_INFORMATION SUPPLIED_:
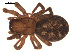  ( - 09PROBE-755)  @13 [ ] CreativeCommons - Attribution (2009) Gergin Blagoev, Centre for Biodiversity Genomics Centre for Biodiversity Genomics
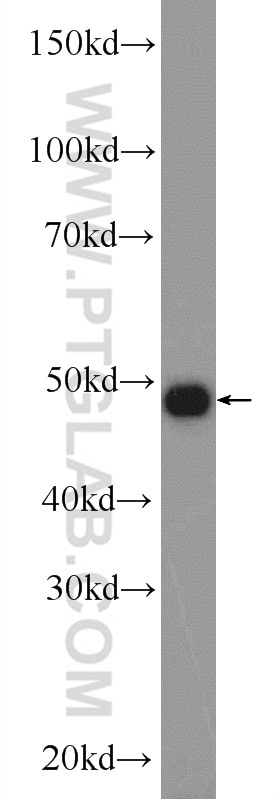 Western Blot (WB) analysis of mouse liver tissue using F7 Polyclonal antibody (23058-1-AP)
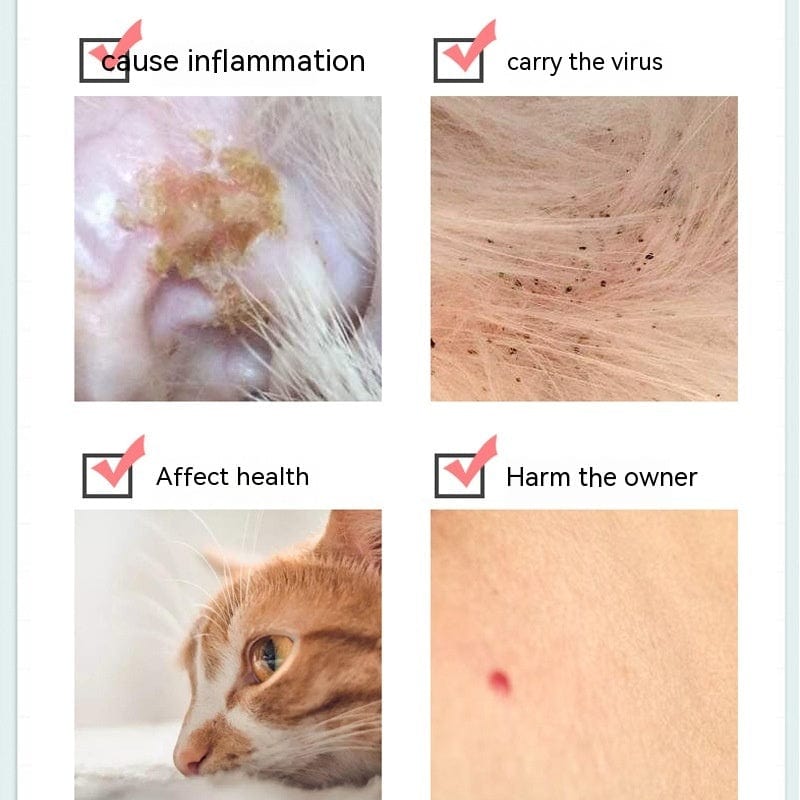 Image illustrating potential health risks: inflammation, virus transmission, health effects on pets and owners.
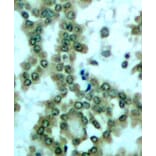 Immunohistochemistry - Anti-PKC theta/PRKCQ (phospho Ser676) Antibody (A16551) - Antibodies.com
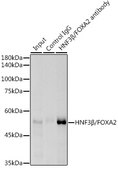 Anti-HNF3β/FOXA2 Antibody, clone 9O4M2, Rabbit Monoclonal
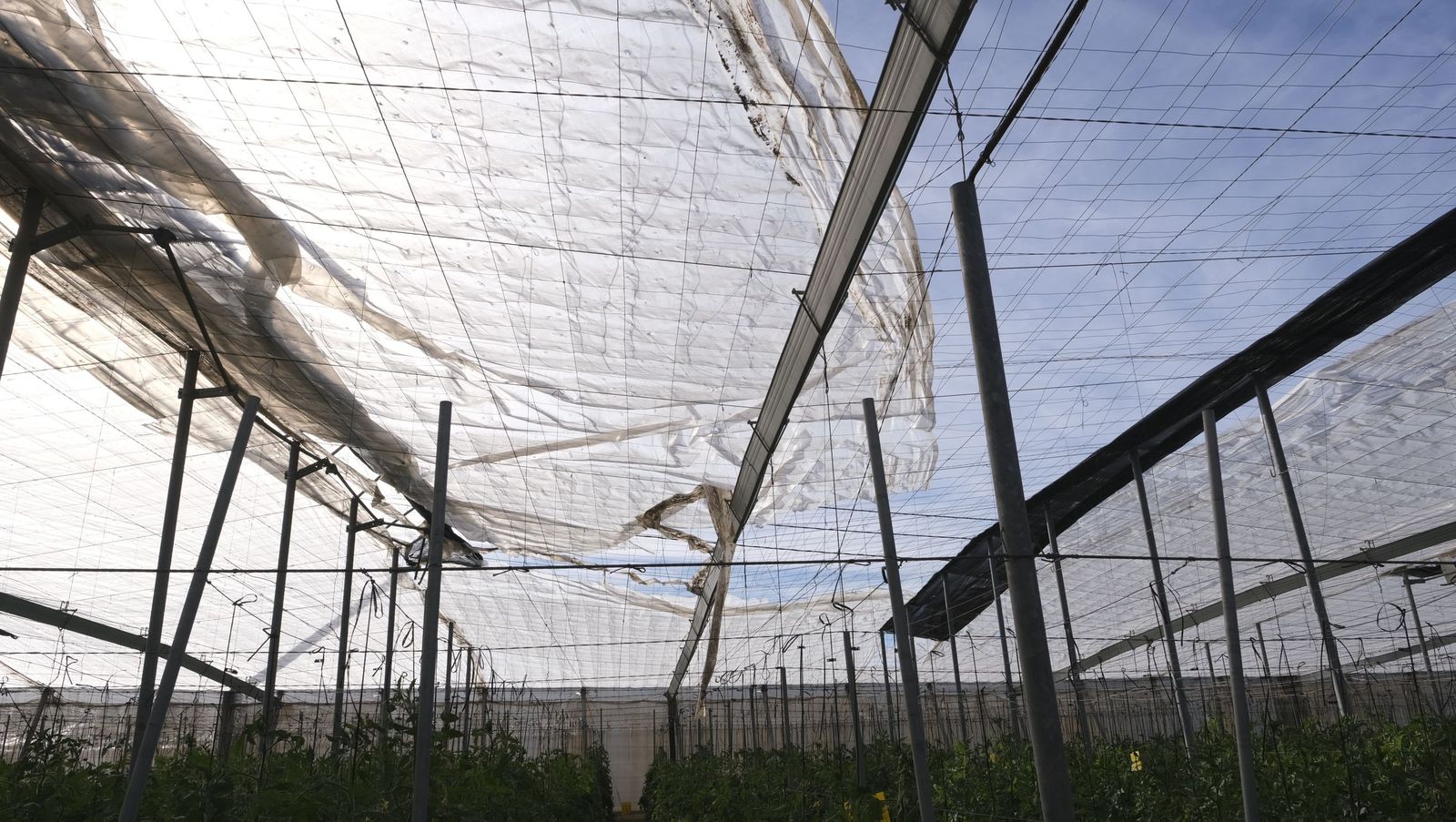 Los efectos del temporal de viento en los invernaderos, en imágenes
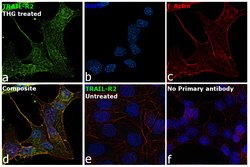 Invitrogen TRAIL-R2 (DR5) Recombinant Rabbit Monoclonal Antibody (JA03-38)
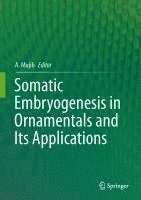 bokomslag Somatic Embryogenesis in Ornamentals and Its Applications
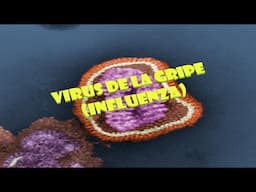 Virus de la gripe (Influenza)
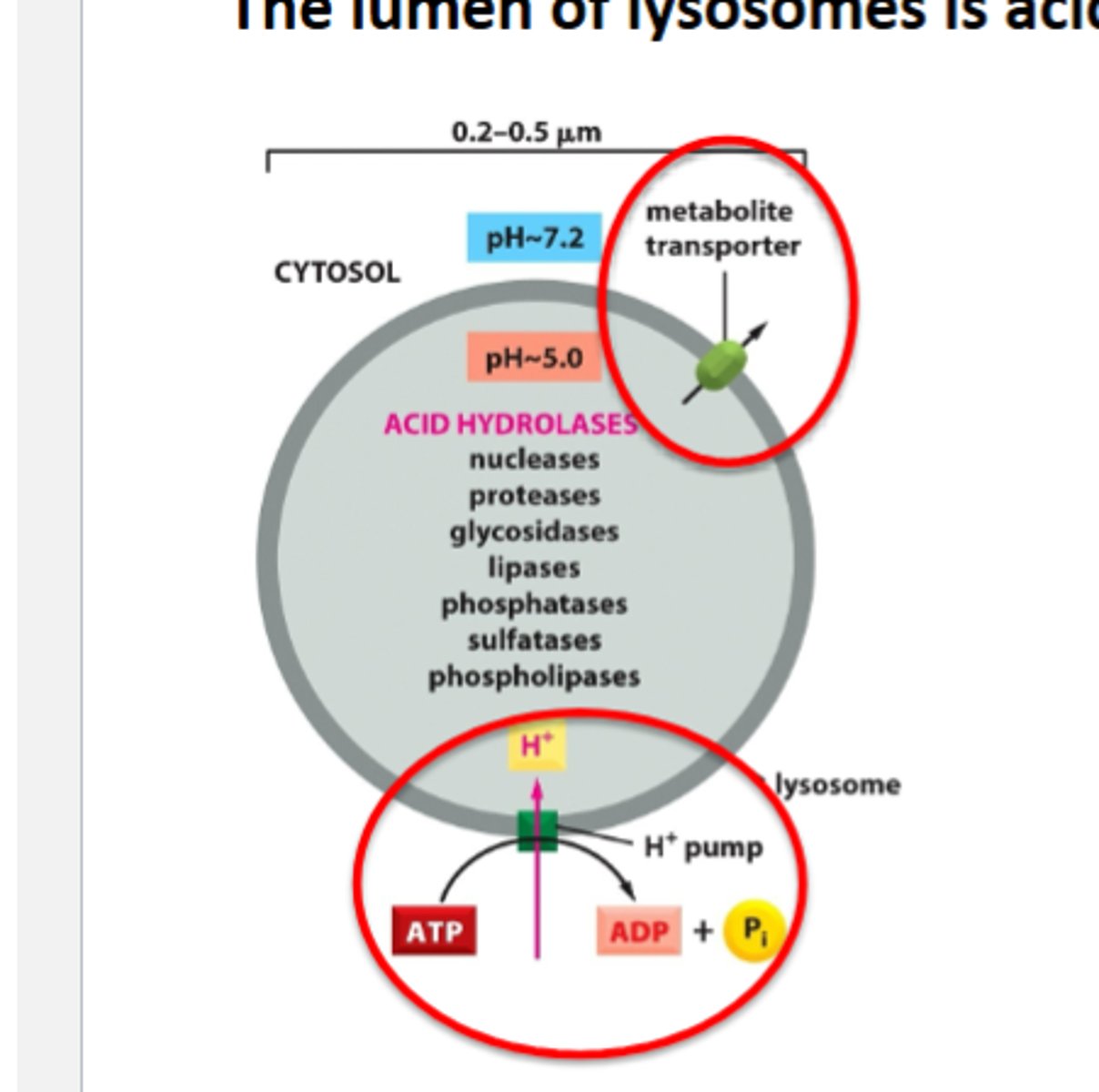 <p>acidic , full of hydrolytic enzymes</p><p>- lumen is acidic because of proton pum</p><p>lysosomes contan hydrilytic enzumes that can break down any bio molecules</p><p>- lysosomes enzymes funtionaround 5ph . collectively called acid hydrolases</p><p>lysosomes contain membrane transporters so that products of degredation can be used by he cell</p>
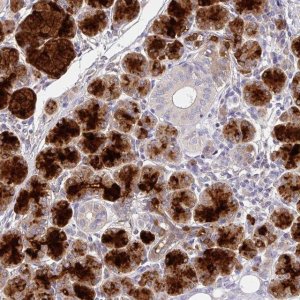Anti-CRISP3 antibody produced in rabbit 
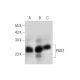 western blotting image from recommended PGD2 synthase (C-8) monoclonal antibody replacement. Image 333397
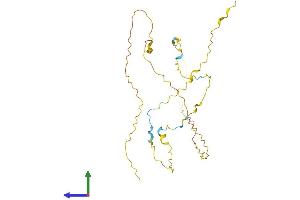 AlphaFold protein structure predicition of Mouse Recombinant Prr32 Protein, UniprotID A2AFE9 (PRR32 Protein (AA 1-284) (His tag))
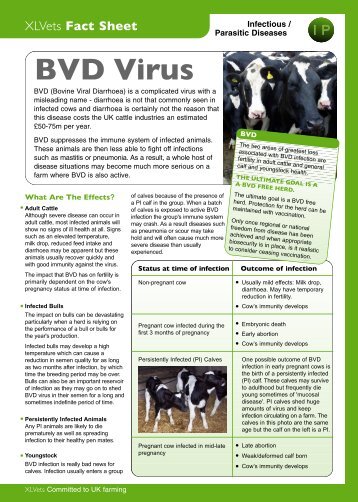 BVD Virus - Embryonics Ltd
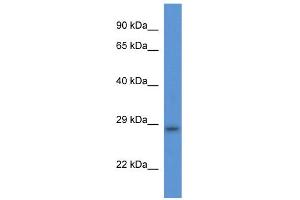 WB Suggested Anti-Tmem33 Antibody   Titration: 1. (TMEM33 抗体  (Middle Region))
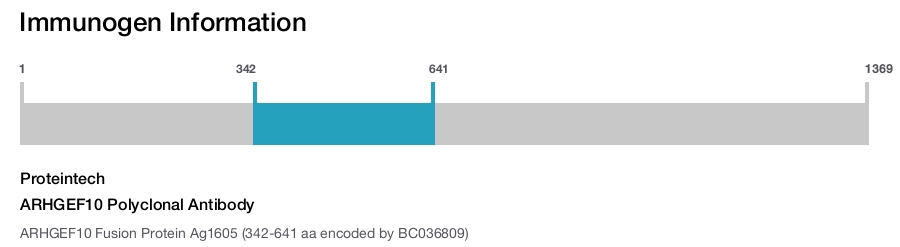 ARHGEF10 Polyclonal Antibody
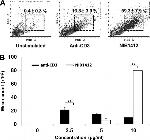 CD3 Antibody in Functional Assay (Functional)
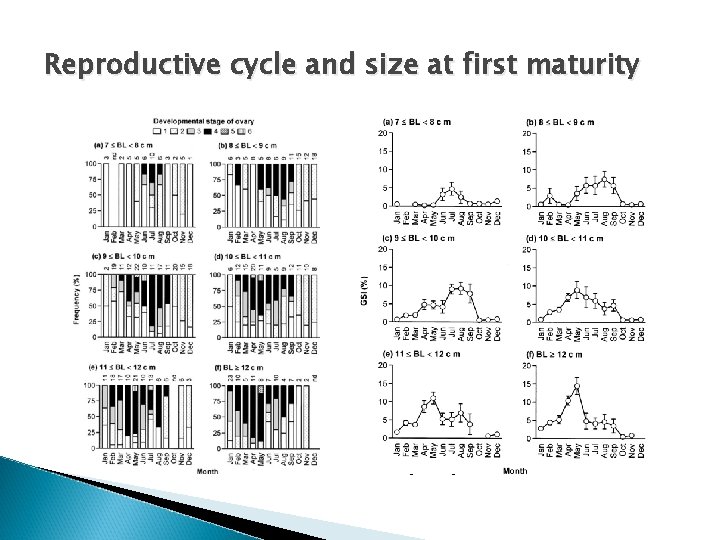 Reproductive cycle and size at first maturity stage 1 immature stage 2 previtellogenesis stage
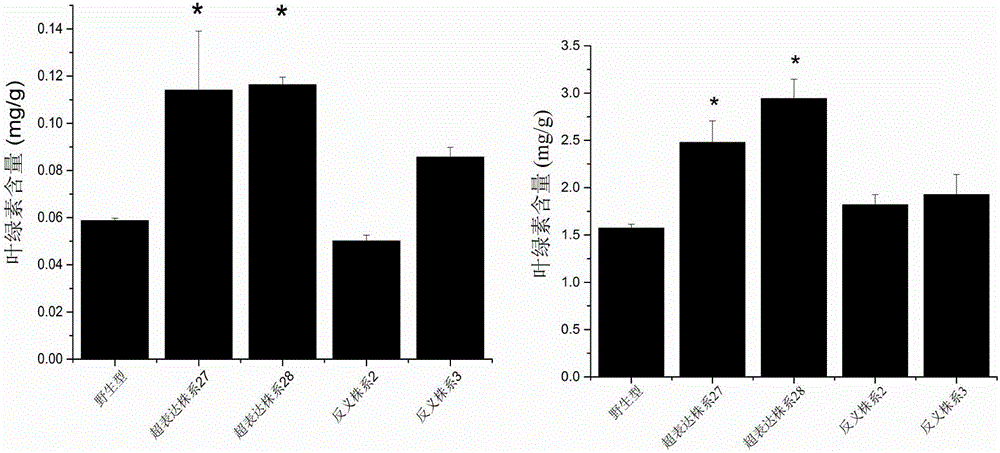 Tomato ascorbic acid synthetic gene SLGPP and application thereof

_WHAT YOU HAVE TO DO_: Omit the pictures and print again exactly the lines from the one with "western blotting image" through the final line of the entries, both ends included.

_ANSWER TO THIS TASK_:
 western blotting image from recommended PGD2 synthase (C-8) monoclonal antibody replacement. Image 333397
 AlphaFold protein structure predicition of Mouse Recombinant Prr32 Protein, UniprotID A2AFE9 (PRR32 Protein (AA 1-284) (His tag))
 BVD Virus - Embryonics Ltd
 WB Suggested Anti-Tmem33 Antibody   Titration: 1. (TMEM33 抗体  (Middle Region))
 ARHGEF10 Polyclonal Antibody
 CD3 Antibody in Functional Assay (Functional)
 Reproductive cycle and size at first maturity stage 1 immature stage 2 previtellogenesis stage
 Tomato ascorbic acid synthetic gene SLGPP and application thereof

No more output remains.